Study material:
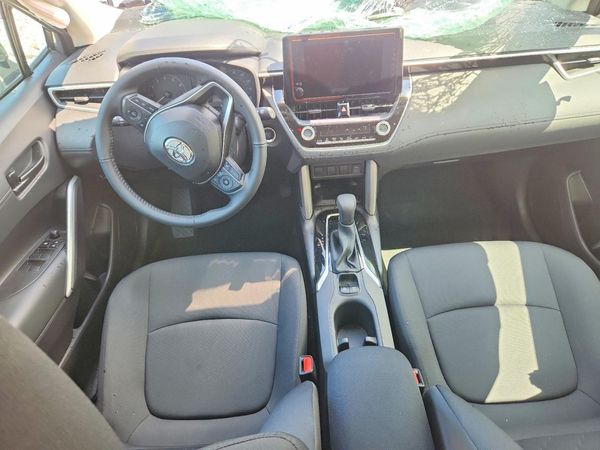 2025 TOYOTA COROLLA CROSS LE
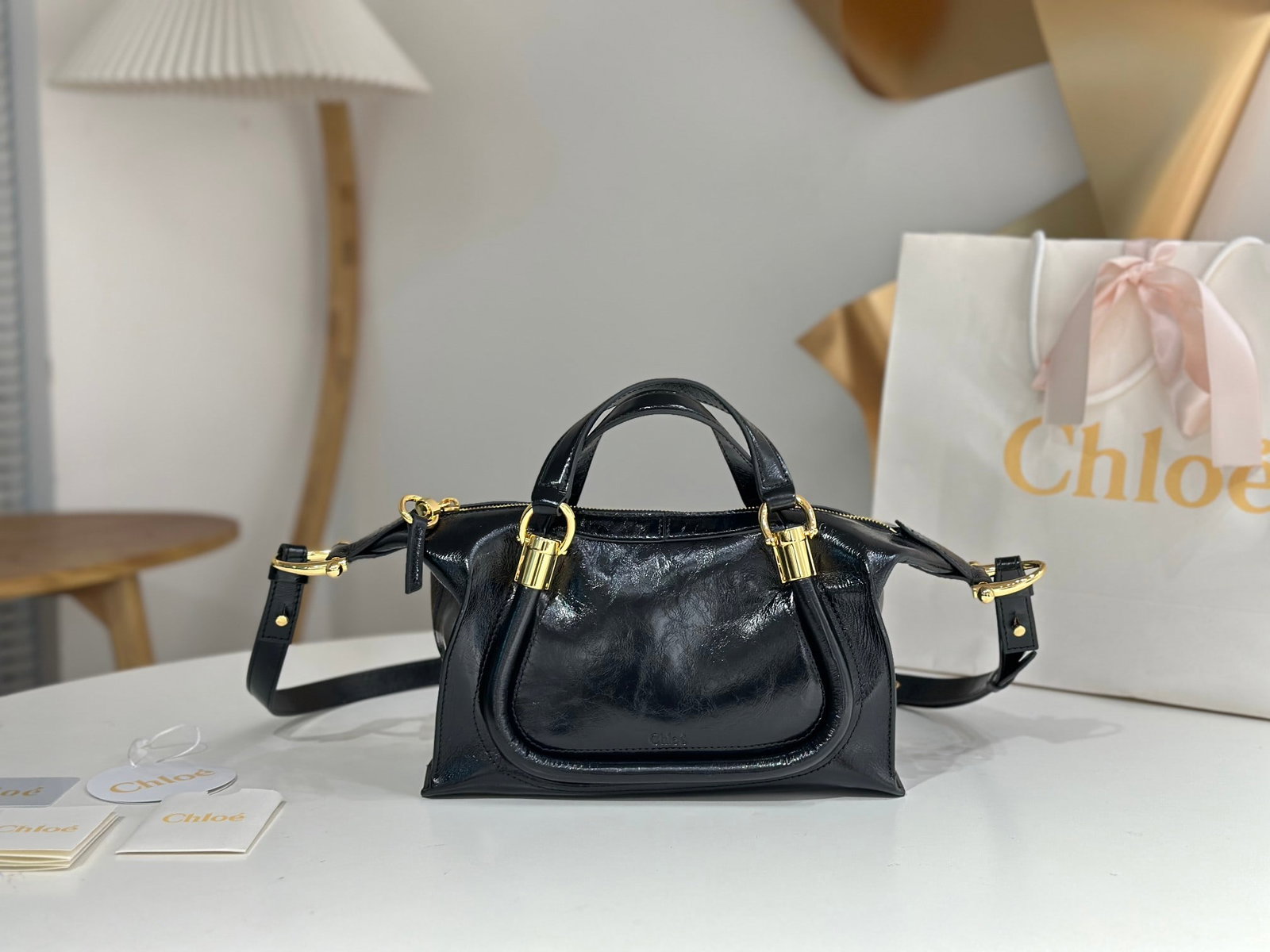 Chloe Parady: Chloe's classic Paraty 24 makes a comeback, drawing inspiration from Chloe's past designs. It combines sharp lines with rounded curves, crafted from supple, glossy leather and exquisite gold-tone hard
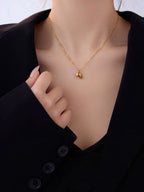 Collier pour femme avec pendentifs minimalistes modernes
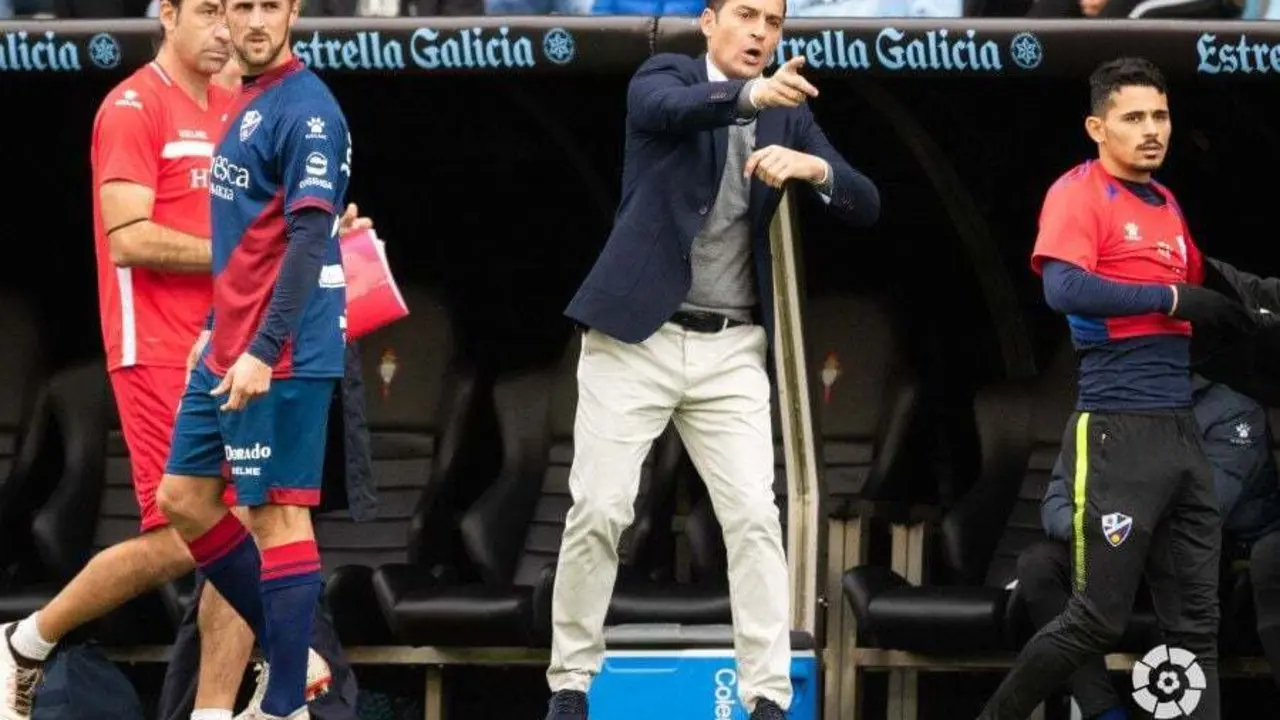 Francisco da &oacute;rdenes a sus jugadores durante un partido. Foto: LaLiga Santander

* * *

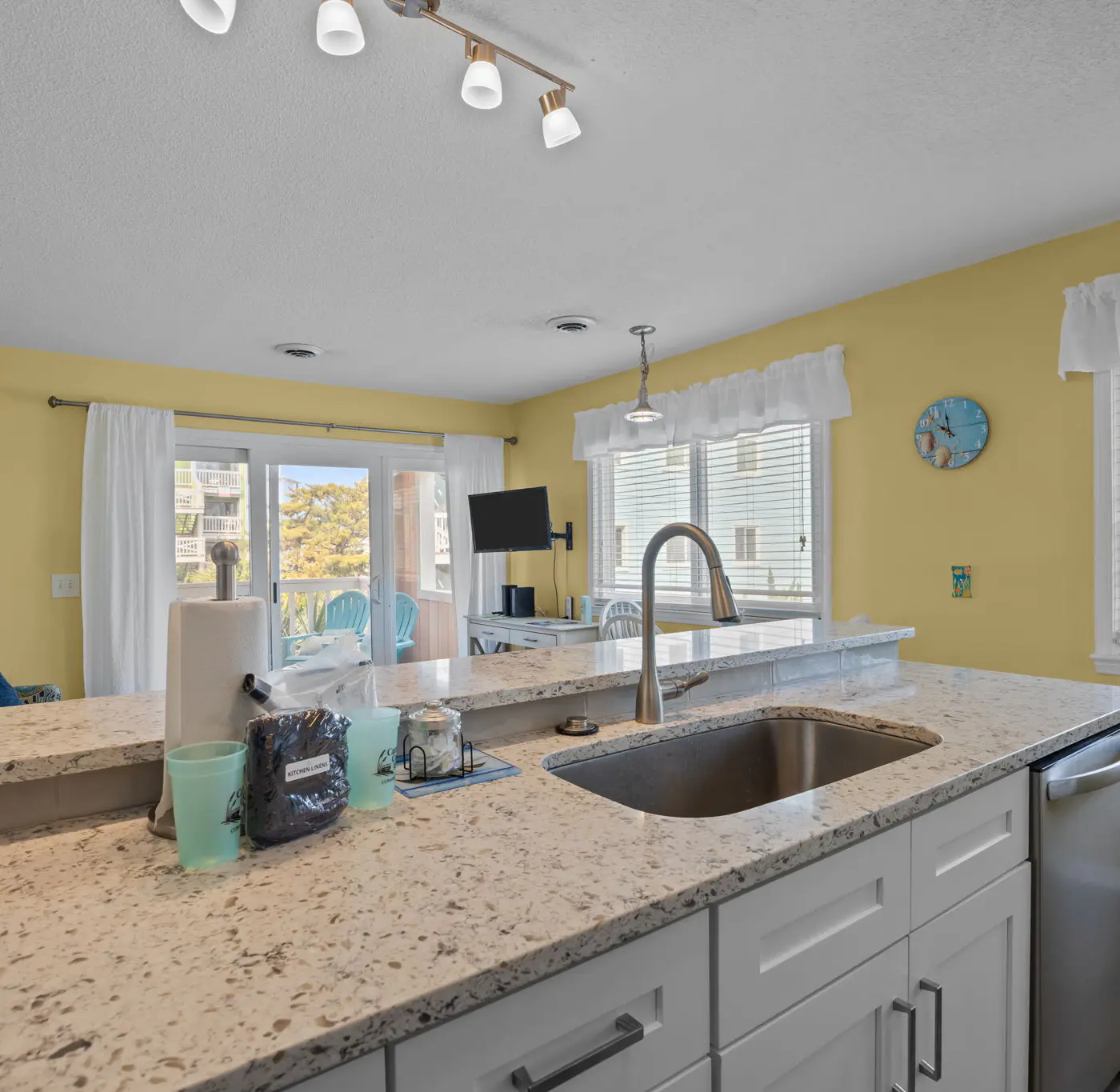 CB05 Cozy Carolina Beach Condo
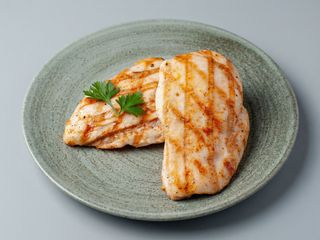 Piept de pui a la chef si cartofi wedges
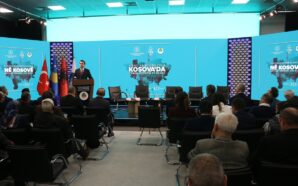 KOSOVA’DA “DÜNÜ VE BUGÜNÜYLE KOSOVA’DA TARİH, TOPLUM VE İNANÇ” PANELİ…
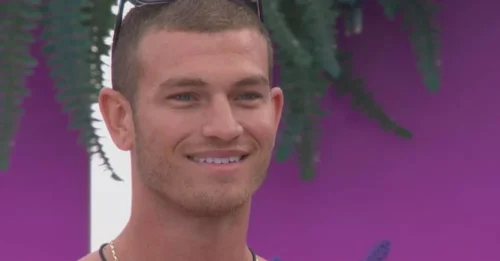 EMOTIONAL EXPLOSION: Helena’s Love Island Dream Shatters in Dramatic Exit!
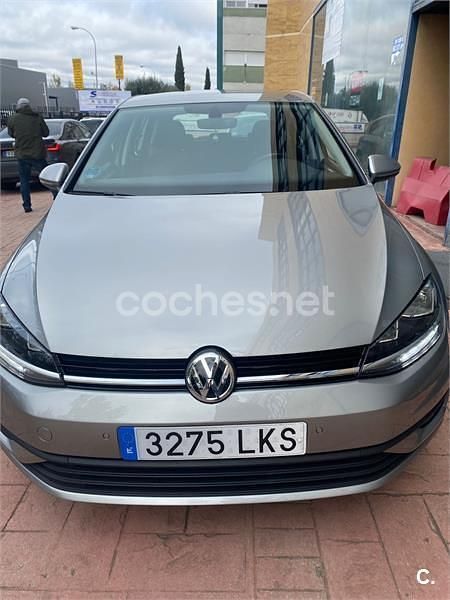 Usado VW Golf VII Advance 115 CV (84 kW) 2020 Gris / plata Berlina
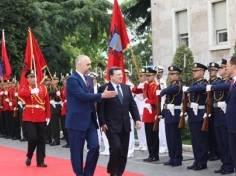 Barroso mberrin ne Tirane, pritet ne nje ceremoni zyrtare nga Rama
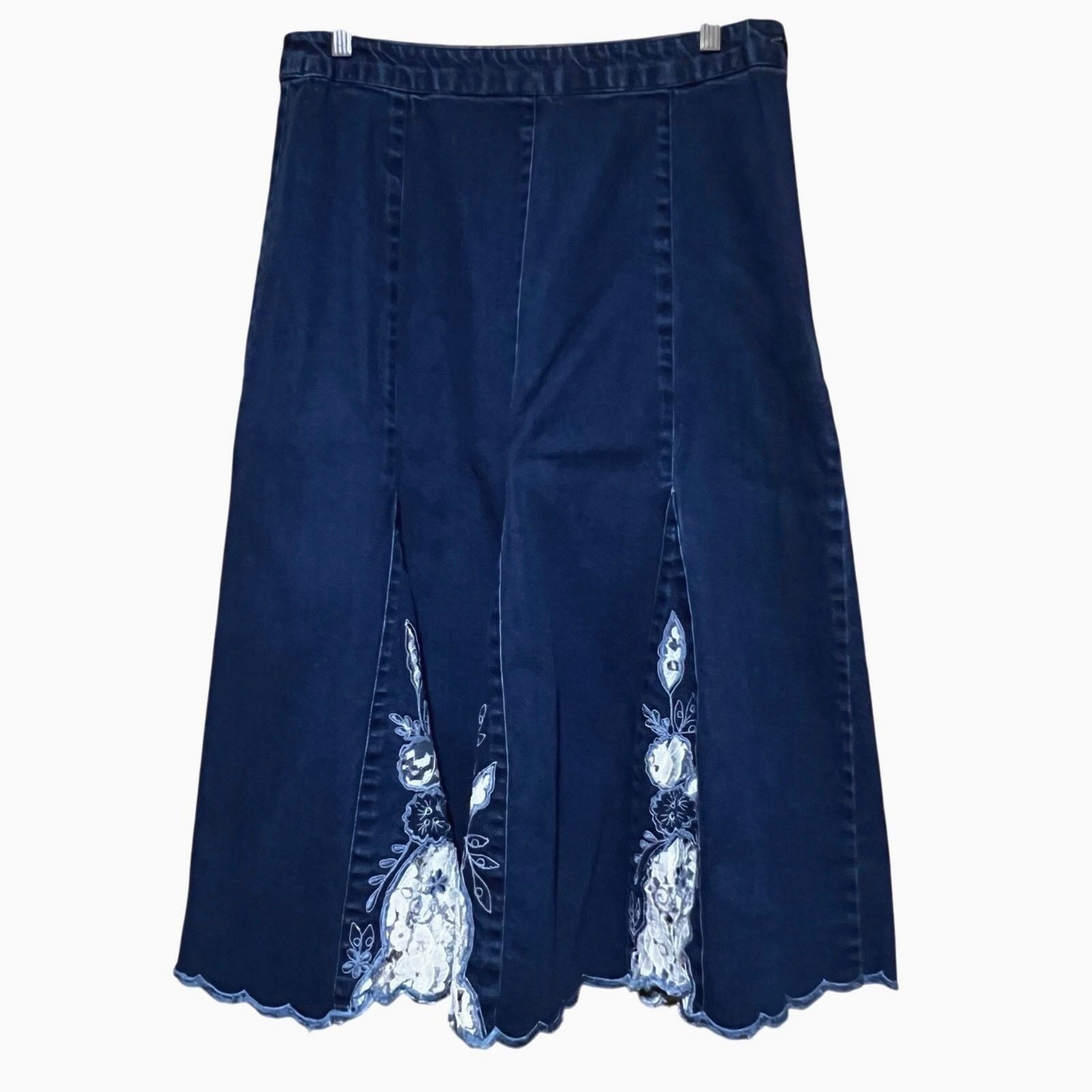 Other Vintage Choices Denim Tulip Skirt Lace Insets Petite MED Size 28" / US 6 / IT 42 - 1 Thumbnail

==

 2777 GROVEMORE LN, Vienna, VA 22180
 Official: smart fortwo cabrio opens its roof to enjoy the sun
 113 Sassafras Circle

Task statement:
Write out, word for word, the stretch of entries that begins at the line with "Usado VW Golf" and ends at the line with "Other Vintage Choices". Pictures do not belong in it.

Output for this exercise:
 Usado VW Golf VII Advance 115 CV (84 kW) 2020 Gris / plata Berlina
 Barroso mberrin ne Tirane, pritet ne nje ceremoni zyrtare nga Rama
 Other Vintage Choices Denim Tulip Skirt Lace Insets Petite MED Size 28" / US 6 / IT 42 - 1 Thumbnail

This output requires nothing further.